Output Files

FASTQ Files

As converted versions of BCL files, FASTQ files are the primary output of BCL Convert. Like BCL files, FASTQ files contain base calls with associated Q-scores. Unlike BCL files, which contain per‑cycle data, FASTQ files contain the per-read data that most analysis applications require.
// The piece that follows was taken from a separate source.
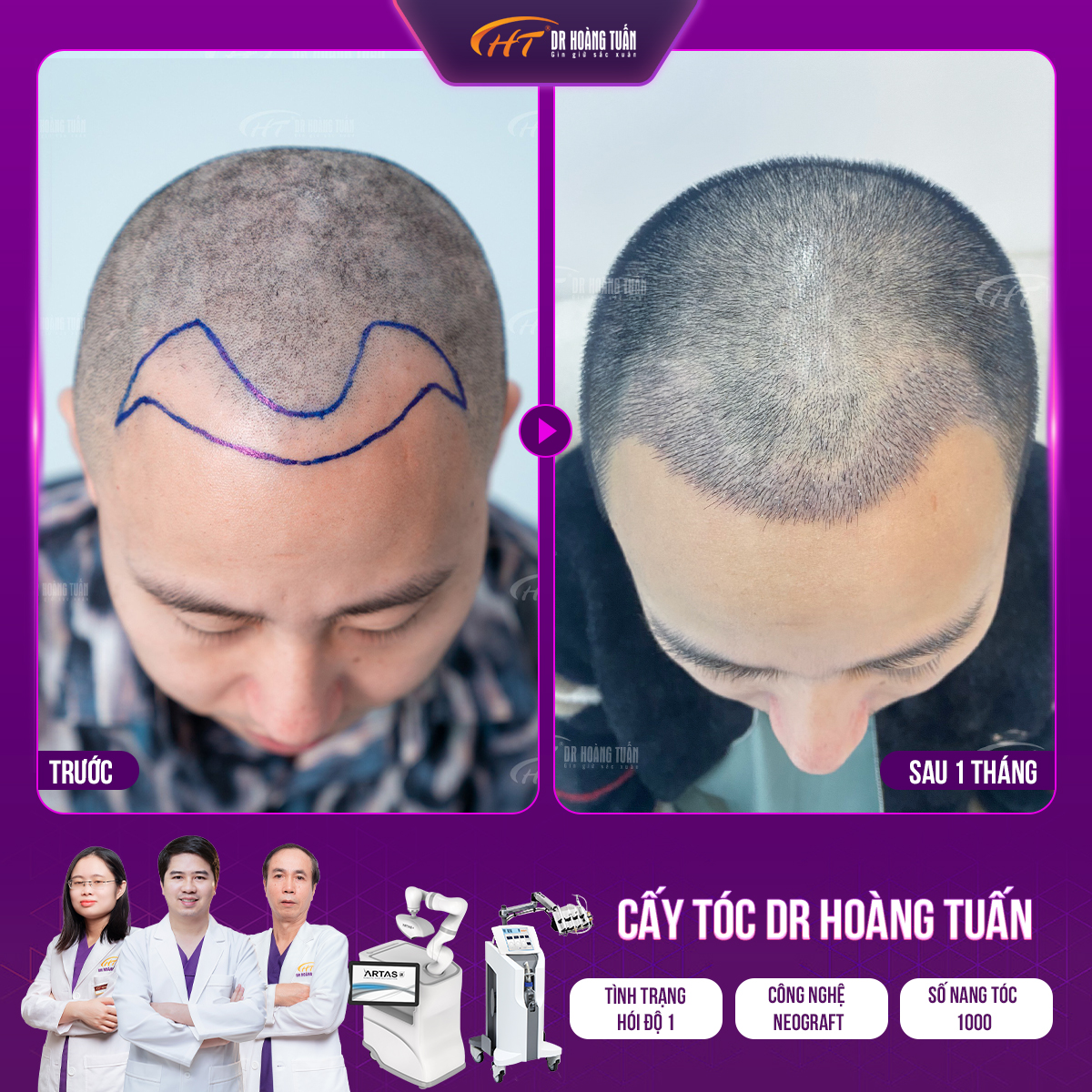 Xu hướng cấy tóc tiên tiến trên thế giới năm 2024 - 5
The software generates one FASTQ file for every sample, read, and lane. For example, for each sample in a paired-end run, the software generates two FASTQ files: one for Read 1 and one for Read 2. In addition to these sample FASTQ files, the software generates two FASTQ files per lane containing all unknown samples. FASTQ files for Index Read 1 and Index Read 2 are not generated because the sequence is included in the header of each FASTQ entry.

•

If Sample_Name and Sample_Project are both present, and both --sample-name-column-enabled true and --bcl-sampleproject-subdirectories true command lines are used, then the output FASTQ files to subdirectories based on Sample_Project and Sample_ID, and name fastq files by Sample_Name. The same project directory contains the files for multiple samples.

•

If the Sample_ID and Sample_Name columns are specified but do not match, the FASTQ files reside in a subdirectory where files use the Sample_Name value.

•

Reads with unidentified index adapters are recorded in one file named Undetermined_S0_. If a sample sheet includes multiple samples without specified index adapters, the software displays a missing barcode error and ends the analysis.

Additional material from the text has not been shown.